Task brief -
Through the line with "Túi Hermes luxury" and starting from the first line, return the records below word for word, with pictures left out.
◆ ◆ ◆ ◆ ◆ ◆ ◆
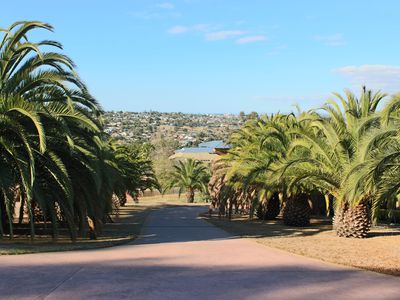 46 Challambra Crescent, Highton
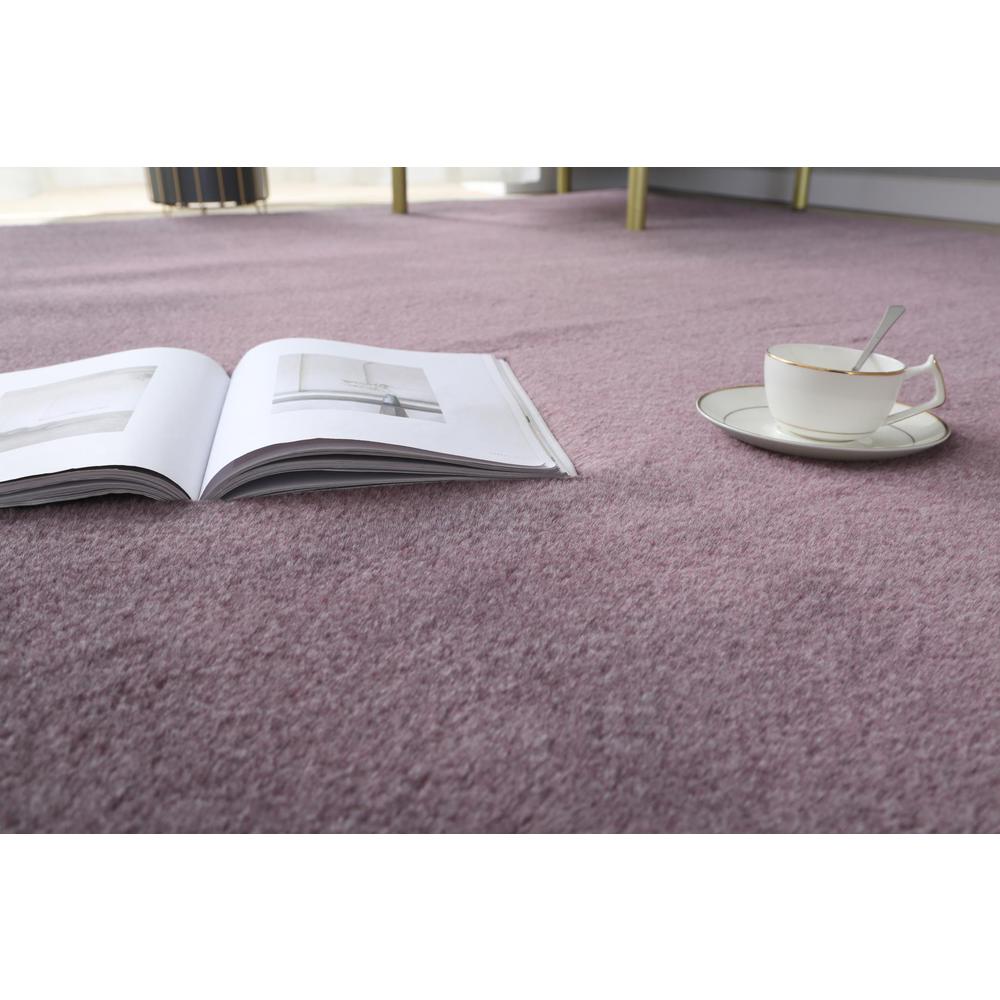 EMMA COLLECTION  EM05  5' X 7'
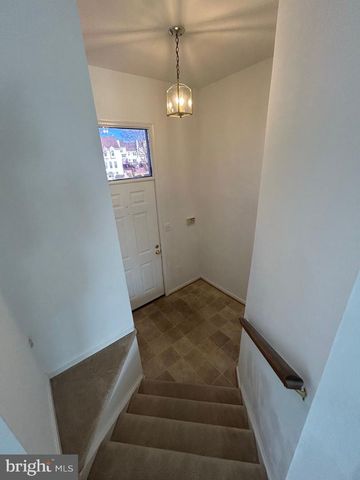 13919 BATON ROUGE CT, Centreville, VA 20121
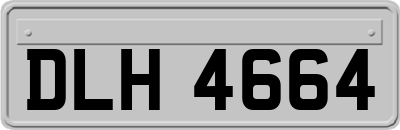 DLH4664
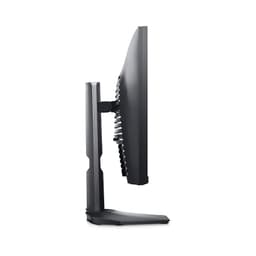 81688_man_hinh_dell_g2422hs_cu_dep_khong_vo_hop_2.jpg 3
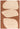 Asiatic London Canvas Collage Retro Tufted Brown Handmade Wool Abstract Geometric Rug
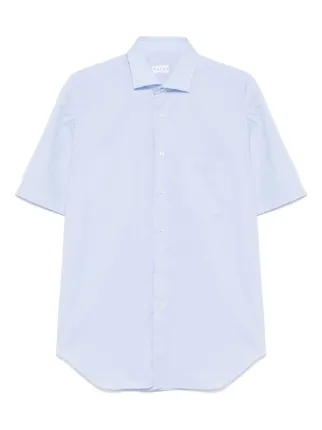 Xacus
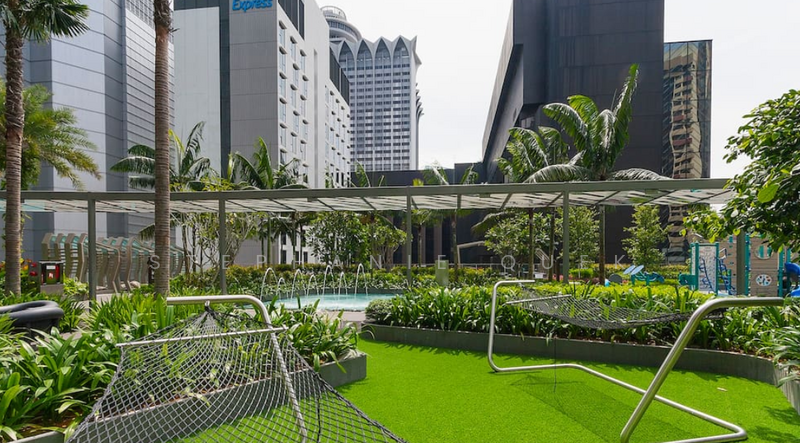 Additional image 5 of 15 Cairnhill Road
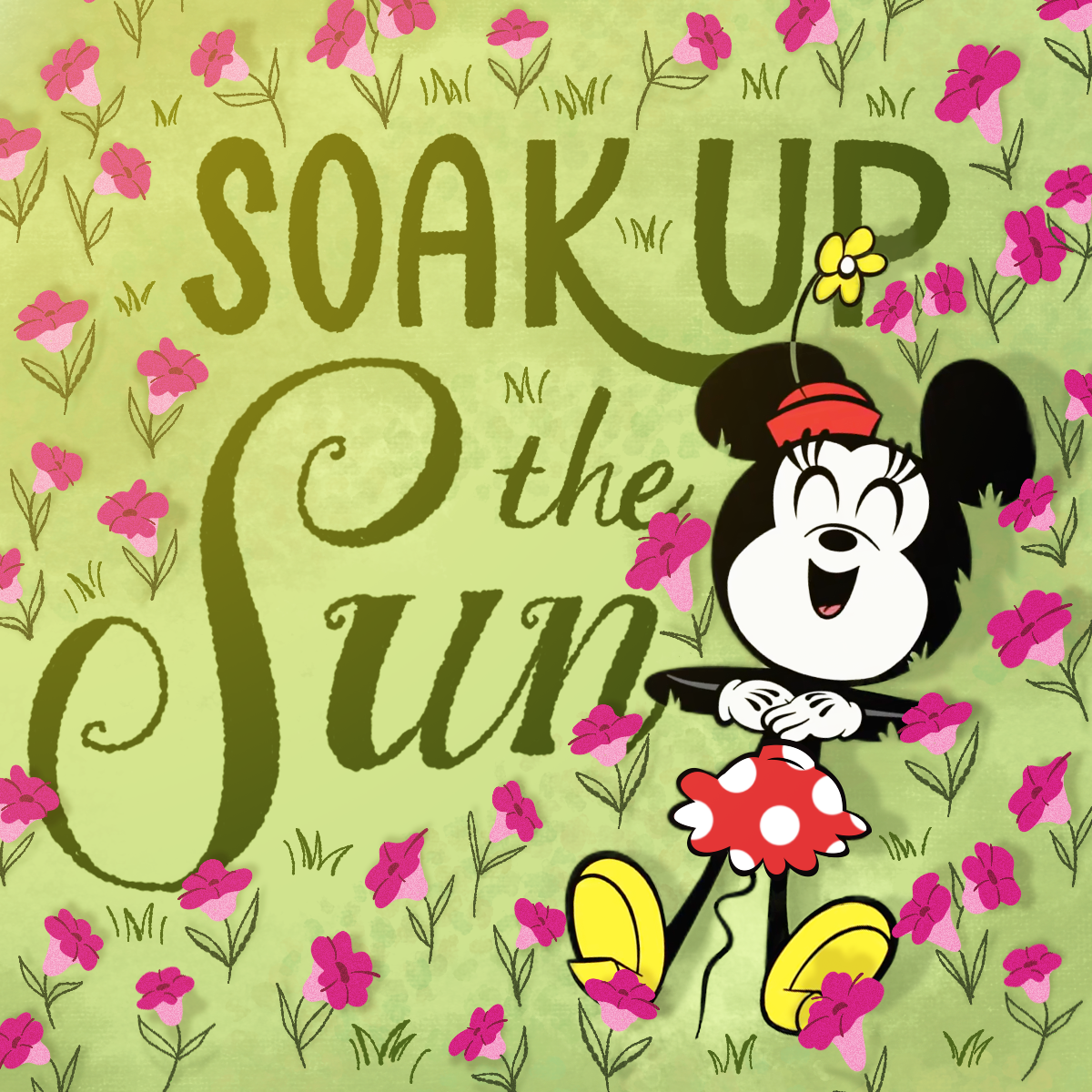 MINN_2004_FullyAnimated_SpringMantra_1200x1200_v5_LL.png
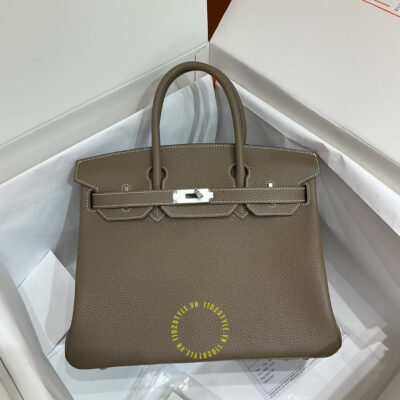 Túi Hermes luxury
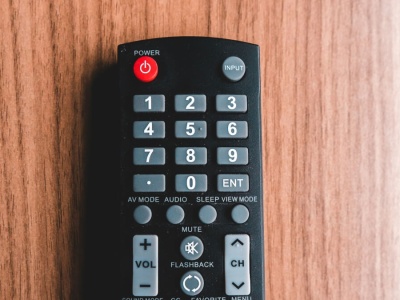 Rząd podjął decyzję. Abonament RTV odejdzie w zapomnienie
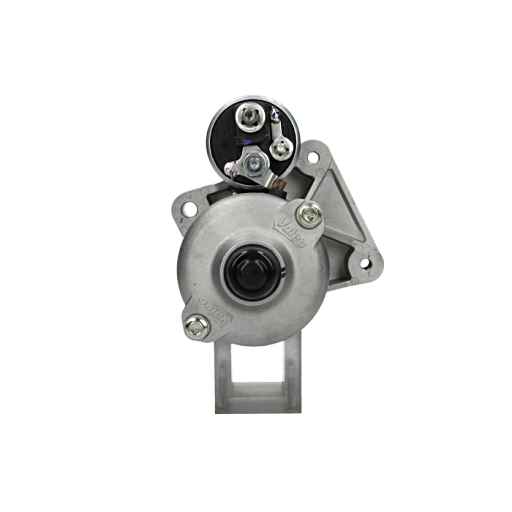 Anlasser ESW20E18 FORD TRANSIT COURIER B460 TOURNEO COURIER B460 B-MAX Valeo NEU Ford – Bild 3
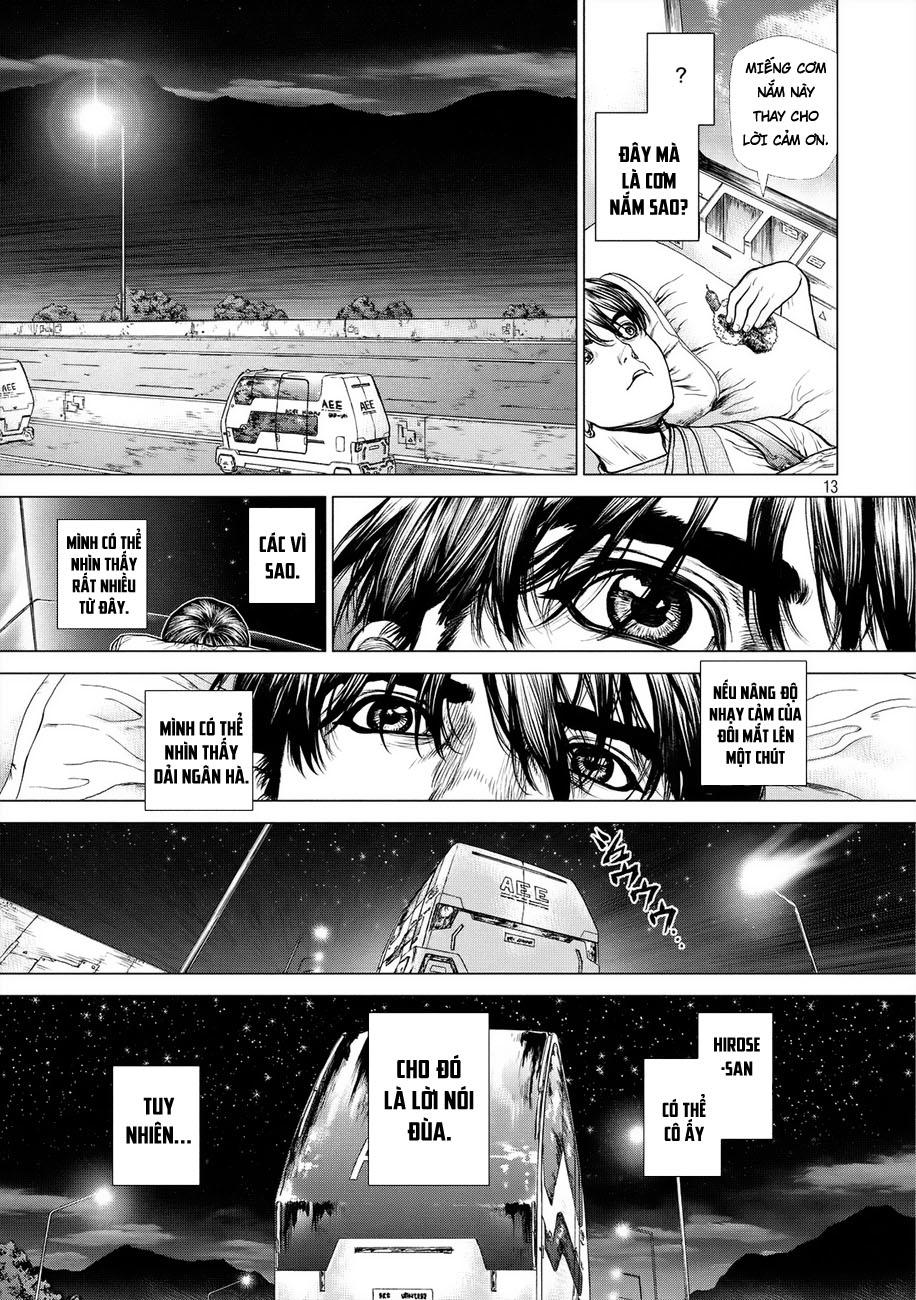 origin chapter 24 13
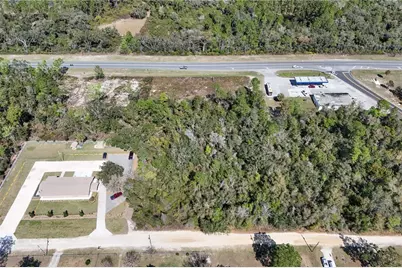 Hwy 40, Ocala, FL 34476 - Photo 8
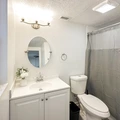 Coliving in University Square - North Tampa, Tampa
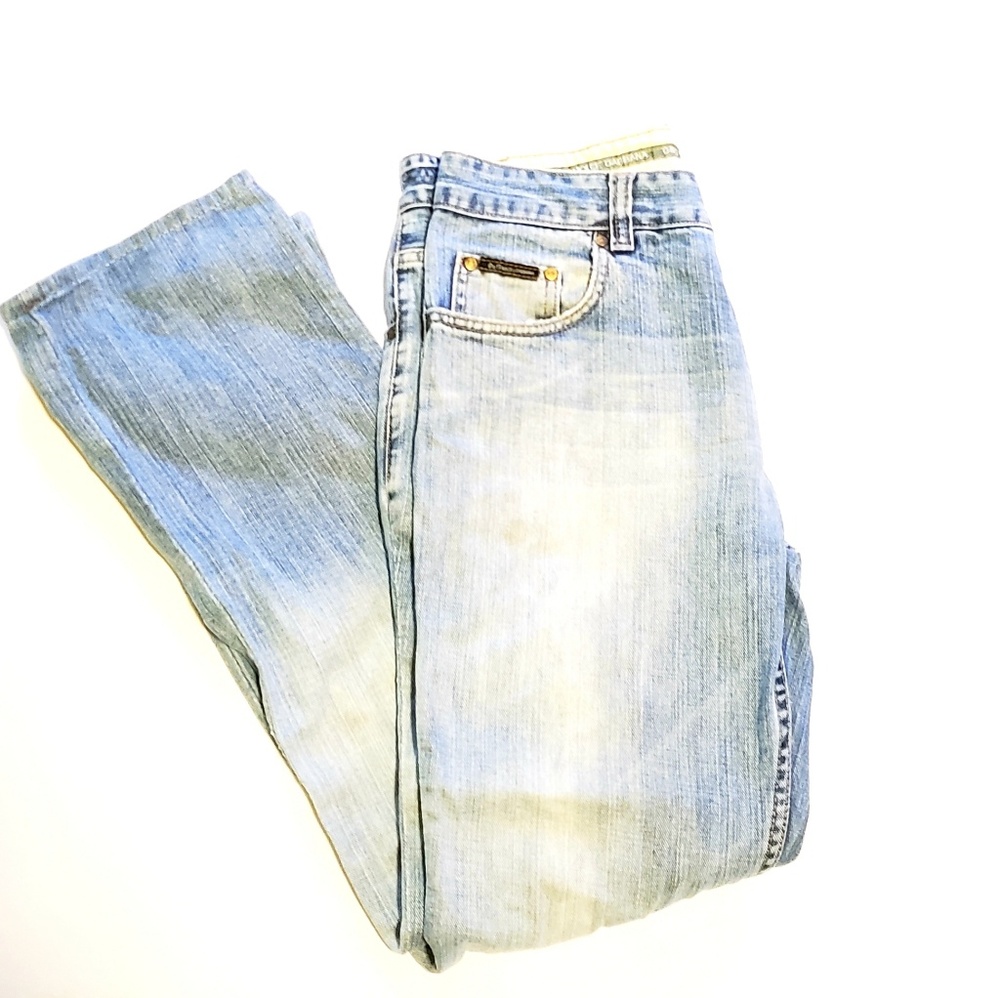 💥SOLD💥Dolce & Gabbana| Men's Jean's Size W31 L32 - Picture 2 of 5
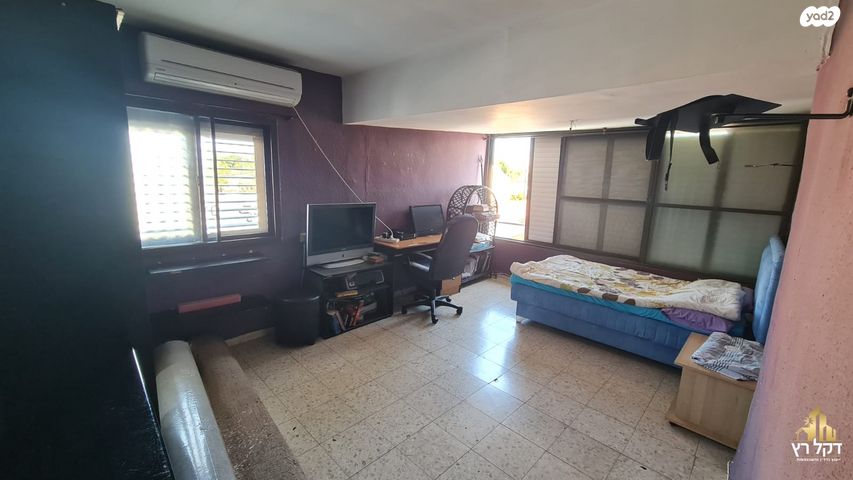 דירה, כפר עברי 10, עכו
◆ ◆ ◆ ◆ ◆ ◆ ◆
Reply to the exercise -
 46 Challambra Crescent, Highton
 EMMA COLLECTION  EM05  5' X 7'
 13919 BATON ROUGE CT, Centreville, VA 20121
 DLH4664
 81688_man_hinh_dell_g2422hs_cu_dep_khong_vo_hop_2.jpg 3
 Asiatic London Canvas Collage Retro Tufted Brown Handmade Wool Abstract Geometric Rug
 Xacus
 Additional image 5 of 15 Cairnhill Road
 MINN_2004_FullyAnimated_SpringMantra_1200x1200_v5_LL.png
 Túi Hermes luxury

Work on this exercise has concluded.